Suppose we have to find out the solution of the following optimization problem $$ {\min \atop x\,y =1}{x^2+y^2 \atop } $$ Clearly, in this case, we can apply the classical graphical method of finding where the level curves of the function $f(x,y)=x^2+y^2$ are tangent to the constraint $x\,y=1$. On the other hand if we want to solve $$ {\max \atop x\,y =1}{x^2+y^2 \atop } $$ it looks like the solutions are $x=+\infty$ and $y=0$ or $x=0$ and $y=+\infty$, in the sense that moving toward any of these two directions will provide a better solution than that given by the classical graphical method (i.e. $(x,y)=(1,1)$). So when the graphical method is not applicable to this kind of problems? In standard textbooks look like it is given for granted (i.e. it is typically said that the curve of the constraint must be tangent and not cross the level curve), so probably I am missing something or my reasoning is flawed and I do not see it.

Answer 1

For the minimization problem you can take $y=\dfrac{1}{x}$ and subs on $x^2+y^2$ to get $x^2+\dfrac{1}{x^2}$ on which you can use elementary calculus (its derivative and equate to zero) to verify that the minimum are at $(1,1)$ and $(-1,-1)$.

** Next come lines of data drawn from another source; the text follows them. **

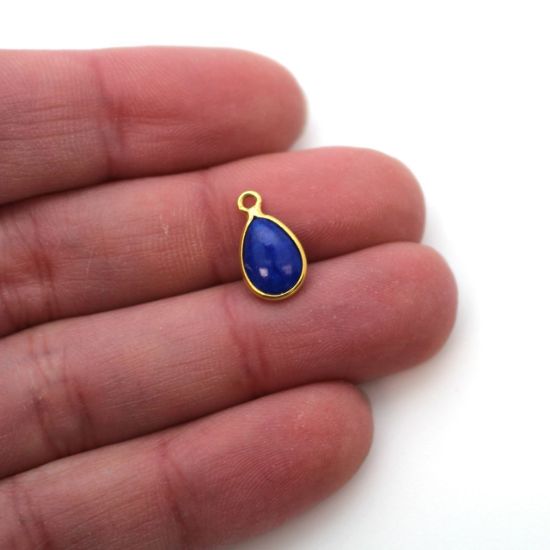 Wholesale Bezel Charm Pendant - Gold Plated Sterling Silver Charm - Natural Lapis Lazuli -Tiny Teardrop Shape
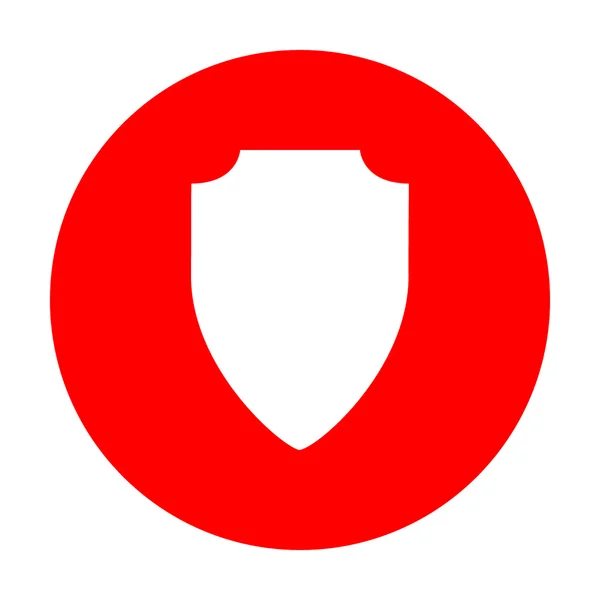Illustration du bouclier. Icône blanche sur cercle rouge . — Image vectorielle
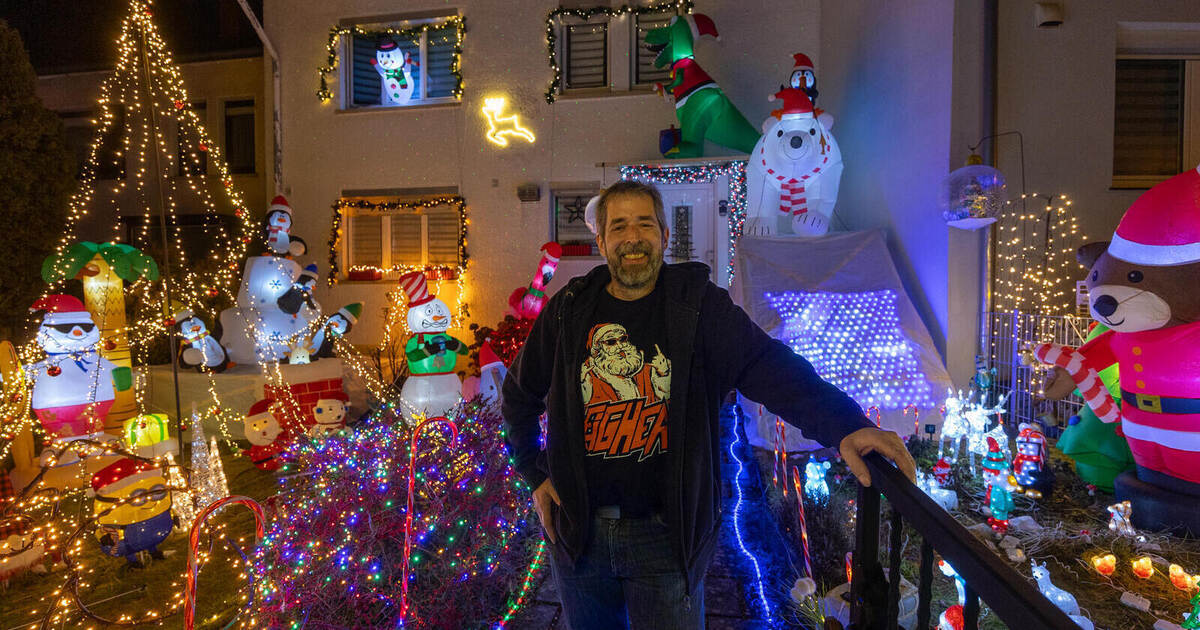 Der Herr der Lichter: 25.000 LEDs und 24 Aufblasfiguren schmücken das Haus ...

There is not maximum because $x^2+\dfrac{1}{x^2}$ can be large as $x\to\infty$.

Answer 2

Normally an optimization is meant to find a maximum or a minimum (on a "well behaved" function) restricted on some subset. In your second example the "solution" you provide is not a maximum or a minimum as it is not a stationary point (where the second derivative is zero). This is a necessary (but not sufficient) condition.

In any case, there is no maximum for your problem. You can always find a larger value of $x^2+y^2$ constrained for $xy=1$.